• **What this task involves**
Word for word, copy all of the entries.

━━━ Dataset entries ━━━

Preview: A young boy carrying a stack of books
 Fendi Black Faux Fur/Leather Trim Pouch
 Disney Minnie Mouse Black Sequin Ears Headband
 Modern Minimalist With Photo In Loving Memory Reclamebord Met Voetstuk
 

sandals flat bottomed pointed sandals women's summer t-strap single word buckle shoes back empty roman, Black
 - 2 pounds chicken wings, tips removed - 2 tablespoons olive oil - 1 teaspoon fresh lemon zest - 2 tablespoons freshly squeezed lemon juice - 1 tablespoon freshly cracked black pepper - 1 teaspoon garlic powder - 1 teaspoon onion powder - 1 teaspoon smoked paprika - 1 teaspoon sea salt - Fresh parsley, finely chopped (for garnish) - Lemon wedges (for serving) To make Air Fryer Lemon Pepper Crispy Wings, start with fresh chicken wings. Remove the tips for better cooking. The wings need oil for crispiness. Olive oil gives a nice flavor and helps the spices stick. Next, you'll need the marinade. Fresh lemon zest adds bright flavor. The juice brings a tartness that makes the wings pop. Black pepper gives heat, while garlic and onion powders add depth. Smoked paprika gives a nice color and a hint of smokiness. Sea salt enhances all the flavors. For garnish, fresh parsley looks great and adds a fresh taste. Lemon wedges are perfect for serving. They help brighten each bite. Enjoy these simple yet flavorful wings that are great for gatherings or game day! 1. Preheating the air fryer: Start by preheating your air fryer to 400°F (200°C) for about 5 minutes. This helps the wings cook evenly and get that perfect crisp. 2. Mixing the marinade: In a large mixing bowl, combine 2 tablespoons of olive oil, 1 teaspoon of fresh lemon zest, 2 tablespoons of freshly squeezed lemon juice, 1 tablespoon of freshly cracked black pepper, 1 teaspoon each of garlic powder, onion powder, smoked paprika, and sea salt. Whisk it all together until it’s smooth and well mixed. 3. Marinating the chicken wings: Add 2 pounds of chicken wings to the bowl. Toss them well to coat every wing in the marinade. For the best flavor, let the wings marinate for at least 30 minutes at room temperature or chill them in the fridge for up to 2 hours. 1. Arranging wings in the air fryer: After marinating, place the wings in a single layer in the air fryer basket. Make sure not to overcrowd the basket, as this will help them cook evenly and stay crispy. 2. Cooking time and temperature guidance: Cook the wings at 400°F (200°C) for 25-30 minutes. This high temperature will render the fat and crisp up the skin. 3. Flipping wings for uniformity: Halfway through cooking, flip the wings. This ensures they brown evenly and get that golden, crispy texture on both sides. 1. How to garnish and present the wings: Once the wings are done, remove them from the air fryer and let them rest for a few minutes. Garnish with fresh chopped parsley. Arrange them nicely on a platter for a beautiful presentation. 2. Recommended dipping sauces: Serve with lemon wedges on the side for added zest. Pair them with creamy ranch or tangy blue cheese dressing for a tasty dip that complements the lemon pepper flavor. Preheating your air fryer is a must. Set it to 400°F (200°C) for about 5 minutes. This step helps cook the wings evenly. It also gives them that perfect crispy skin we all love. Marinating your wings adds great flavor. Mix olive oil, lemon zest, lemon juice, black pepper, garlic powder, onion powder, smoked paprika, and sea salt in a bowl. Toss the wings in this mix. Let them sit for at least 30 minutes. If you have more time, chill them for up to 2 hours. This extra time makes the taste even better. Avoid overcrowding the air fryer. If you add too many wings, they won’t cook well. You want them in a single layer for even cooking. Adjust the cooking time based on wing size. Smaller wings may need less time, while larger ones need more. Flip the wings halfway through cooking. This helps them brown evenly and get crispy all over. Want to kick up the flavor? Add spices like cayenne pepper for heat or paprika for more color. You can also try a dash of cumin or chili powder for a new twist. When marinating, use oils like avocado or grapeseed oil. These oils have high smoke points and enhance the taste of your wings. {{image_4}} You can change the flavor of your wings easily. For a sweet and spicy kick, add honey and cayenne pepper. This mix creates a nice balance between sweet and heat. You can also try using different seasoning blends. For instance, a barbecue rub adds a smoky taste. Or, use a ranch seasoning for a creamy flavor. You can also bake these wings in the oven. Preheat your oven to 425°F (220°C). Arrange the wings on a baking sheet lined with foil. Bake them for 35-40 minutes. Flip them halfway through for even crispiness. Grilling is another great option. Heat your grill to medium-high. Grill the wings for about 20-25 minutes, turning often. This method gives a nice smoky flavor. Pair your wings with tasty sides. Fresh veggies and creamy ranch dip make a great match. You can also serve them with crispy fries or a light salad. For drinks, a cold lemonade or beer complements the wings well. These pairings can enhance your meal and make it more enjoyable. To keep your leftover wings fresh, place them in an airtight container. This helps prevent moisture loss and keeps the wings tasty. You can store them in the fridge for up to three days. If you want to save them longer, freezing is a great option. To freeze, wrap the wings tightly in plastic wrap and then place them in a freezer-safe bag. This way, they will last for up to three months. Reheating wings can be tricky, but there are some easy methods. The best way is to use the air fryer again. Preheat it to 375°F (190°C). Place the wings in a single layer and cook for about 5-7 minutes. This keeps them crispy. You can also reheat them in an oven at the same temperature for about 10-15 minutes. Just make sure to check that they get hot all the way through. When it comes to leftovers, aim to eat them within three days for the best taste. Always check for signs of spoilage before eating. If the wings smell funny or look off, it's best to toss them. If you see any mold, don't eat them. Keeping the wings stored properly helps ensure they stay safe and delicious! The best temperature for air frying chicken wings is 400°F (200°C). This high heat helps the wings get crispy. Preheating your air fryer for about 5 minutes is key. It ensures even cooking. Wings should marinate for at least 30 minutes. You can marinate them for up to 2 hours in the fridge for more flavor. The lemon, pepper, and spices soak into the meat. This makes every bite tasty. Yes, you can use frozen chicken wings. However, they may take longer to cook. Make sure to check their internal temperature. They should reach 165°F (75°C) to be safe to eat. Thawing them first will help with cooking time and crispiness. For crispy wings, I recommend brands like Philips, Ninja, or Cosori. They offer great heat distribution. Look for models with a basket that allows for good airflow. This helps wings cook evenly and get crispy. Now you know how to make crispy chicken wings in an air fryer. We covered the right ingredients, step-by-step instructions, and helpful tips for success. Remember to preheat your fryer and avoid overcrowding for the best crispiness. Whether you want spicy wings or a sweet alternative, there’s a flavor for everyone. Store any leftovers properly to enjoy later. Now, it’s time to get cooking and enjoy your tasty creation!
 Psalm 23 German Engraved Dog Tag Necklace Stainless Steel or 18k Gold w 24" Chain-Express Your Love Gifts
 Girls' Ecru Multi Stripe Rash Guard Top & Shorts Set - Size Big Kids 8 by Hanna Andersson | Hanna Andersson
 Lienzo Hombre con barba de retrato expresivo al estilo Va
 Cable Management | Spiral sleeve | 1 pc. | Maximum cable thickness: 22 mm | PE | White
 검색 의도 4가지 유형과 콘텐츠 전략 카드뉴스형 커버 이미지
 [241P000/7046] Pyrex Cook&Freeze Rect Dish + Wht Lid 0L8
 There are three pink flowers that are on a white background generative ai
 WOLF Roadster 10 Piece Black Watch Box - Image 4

━━━

• **Solution for this task**
Preview: A young boy carrying a stack of books
 Fendi Black Faux Fur/Leather Trim Pouch
 Disney Minnie Mouse Black Sequin Ears Headband
 Modern Minimalist With Photo In Loving Memory Reclamebord Met Voetstuk
 

sandals flat bottomed pointed sandals women's summer t-strap single word buckle shoes back empty roman, Black
 - 2 pounds chicken wings, tips removed - 2 tablespoons olive oil - 1 teaspoon fresh lemon zest - 2 tablespoons freshly squeezed lemon juice - 1 tablespoon freshly cracked black pepper - 1 teaspoon garlic powder - 1 teaspoon onion powder - 1 teaspoon smoked paprika - 1 teaspoon sea salt - Fresh parsley, finely chopped (for garnish) - Lemon wedges (for serving) To make Air Fryer Lemon Pepper Crispy Wings, start with fresh chicken wings. Remove the tips for better cooking. The wings need oil for crispiness. Olive oil gives a nice flavor and helps the spices stick. Next, you'll need the marinade. Fresh lemon zest adds bright flavor. The juice brings a tartness that makes the wings pop. Black pepper gives heat, while garlic and onion powders add depth. Smoked paprika gives a nice color and a hint of smokiness. Sea salt enhances all the flavors. For garnish, fresh parsley looks great and adds a fresh taste. Lemon wedges are perfect for serving. They help brighten each bite. Enjoy these simple yet flavorful wings that are great for gatherings or game day! 1. Preheating the air fryer: Start by preheating your air fryer to 400°F (200°C) for about 5 minutes. This helps the wings cook evenly and get that perfect crisp. 2. Mixing the marinade: In a large mixing bowl, combine 2 tablespoons of olive oil, 1 teaspoon of fresh lemon zest, 2 tablespoons of freshly squeezed lemon juice, 1 tablespoon of freshly cracked black pepper, 1 teaspoon each of garlic powder, onion powder, smoked paprika, and sea salt. Whisk it all together until it’s smooth and well mixed. 3. Marinating the chicken wings: Add 2 pounds of chicken wings to the bowl. Toss them well to coat every wing in the marinade. For the best flavor, let the wings marinate for at least 30 minutes at room temperature or chill them in the fridge for up to 2 hours. 1. Arranging wings in the air fryer: After marinating, place the wings in a single layer in the air fryer basket. Make sure not to overcrowd the basket, as this will help them cook evenly and stay crispy. 2. Cooking time and temperature guidance: Cook the wings at 400°F (200°C) for 25-30 minutes. This high temperature will render the fat and crisp up the skin. 3. Flipping wings for uniformity: Halfway through cooking, flip the wings. This ensures they brown evenly and get that golden, crispy texture on both sides. 1. How to garnish and present the wings: Once the wings are done, remove them from the air fryer and let them rest for a few minutes. Garnish with fresh chopped parsley. Arrange them nicely on a platter for a beautiful presentation. 2. Recommended dipping sauces: Serve with lemon wedges on the side for added zest. Pair them with creamy ranch or tangy blue cheese dressing for a tasty dip that complements the lemon pepper flavor. Preheating your air fryer is a must. Set it to 400°F (200°C) for about 5 minutes. This step helps cook the wings evenly. It also gives them that perfect crispy skin we all love. Marinating your wings adds great flavor. Mix olive oil, lemon zest, lemon juice, black pepper, garlic powder, onion powder, smoked paprika, and sea salt in a bowl. Toss the wings in this mix. Let them sit for at least 30 minutes. If you have more time, chill them for up to 2 hours. This extra time makes the taste even better. Avoid overcrowding the air fryer. If you add too many wings, they won’t cook well. You want them in a single layer for even cooking. Adjust the cooking time based on wing size. Smaller wings may need less time, while larger ones need more. Flip the wings halfway through cooking. This helps them brown evenly and get crispy all over. Want to kick up the flavor? Add spices like cayenne pepper for heat or paprika for more color. You can also try a dash of cumin or chili powder for a new twist. When marinating, use oils like avocado or grapeseed oil. These oils have high smoke points and enhance the taste of your wings. {{image_4}} You can change the flavor of your wings easily. For a sweet and spicy kick, add honey and cayenne pepper. This mix creates a nice balance between sweet and heat. You can also try using different seasoning blends. For instance, a barbecue rub adds a smoky taste. Or, use a ranch seasoning for a creamy flavor. You can also bake these wings in the oven. Preheat your oven to 425°F (220°C). Arrange the wings on a baking sheet lined with foil. Bake them for 35-40 minutes. Flip them halfway through for even crispiness. Grilling is another great option. Heat your grill to medium-high. Grill the wings for about 20-25 minutes, turning often. This method gives a nice smoky flavor. Pair your wings with tasty sides. Fresh veggies and creamy ranch dip make a great match. You can also serve them with crispy fries or a light salad. For drinks, a cold lemonade or beer complements the wings well. These pairings can enhance your meal and make it more enjoyable. To keep your leftover wings fresh, place them in an airtight container. This helps prevent moisture loss and keeps the wings tasty. You can store them in the fridge for up to three days. If you want to save them longer, freezing is a great option. To freeze, wrap the wings tightly in plastic wrap and then place them in a freezer-safe bag. This way, they will last for up to three months. Reheating wings can be tricky, but there are some easy methods. The best way is to use the air fryer again. Preheat it to 375°F (190°C). Place the wings in a single layer and cook for about 5-7 minutes. This keeps them crispy. You can also reheat them in an oven at the same temperature for about 10-15 minutes. Just make sure to check that they get hot all the way through. When it comes to leftovers, aim to eat them within three days for the best taste. Always check for signs of spoilage before eating. If the wings smell funny or look off, it's best to toss them. If you see any mold, don't eat them. Keeping the wings stored properly helps ensure they stay safe and delicious! The best temperature for air frying chicken wings is 400°F (200°C). This high heat helps the wings get crispy. Preheating your air fryer for about 5 minutes is key. It ensures even cooking. Wings should marinate for at least 30 minutes. You can marinate them for up to 2 hours in the fridge for more flavor. The lemon, pepper, and spices soak into the meat. This makes every bite tasty. Yes, you can use frozen chicken wings. However, they may take longer to cook. Make sure to check their internal temperature. They should reach 165°F (75°C) to be safe to eat. Thawing them first will help with cooking time and crispiness. For crispy wings, I recommend brands like Philips, Ninja, or Cosori. They offer great heat distribution. Look for models with a basket that allows for good airflow. This helps wings cook evenly and get crispy. Now you know how to make crispy chicken wings in an air fryer. We covered the right ingredients, step-by-step instructions, and helpful tips for success. Remember to preheat your fryer and avoid overcrowding for the best crispiness. Whether you want spicy wings or a sweet alternative, there’s a flavor for everyone. Store any leftovers properly to enjoy later. Now, it’s time to get cooking and enjoy your tasty creation!
 Psalm 23 German Engraved Dog Tag Necklace Stainless Steel or 18k Gold w 24" Chain-Express Your Love Gifts
 Girls' Ecru Multi Stripe Rash Guard Top & Shorts Set - Size Big Kids 8 by Hanna Andersson | Hanna Andersson
 Lienzo Hombre con barba de retrato expresivo al estilo Va
 Cable Management | Spiral sleeve | 1 pc. | Maximum cable thickness: 22 mm | PE | White
 검색 의도 4가지 유형과 콘텐츠 전략 카드뉴스형 커버 이미지
 [241P000/7046] Pyrex Cook&Freeze Rect Dish + Wht Lid 0L8
 There are three pink flowers that are on a white background generative ai
 WOLF Roadster 10 Piece Black Watch Box - Image 4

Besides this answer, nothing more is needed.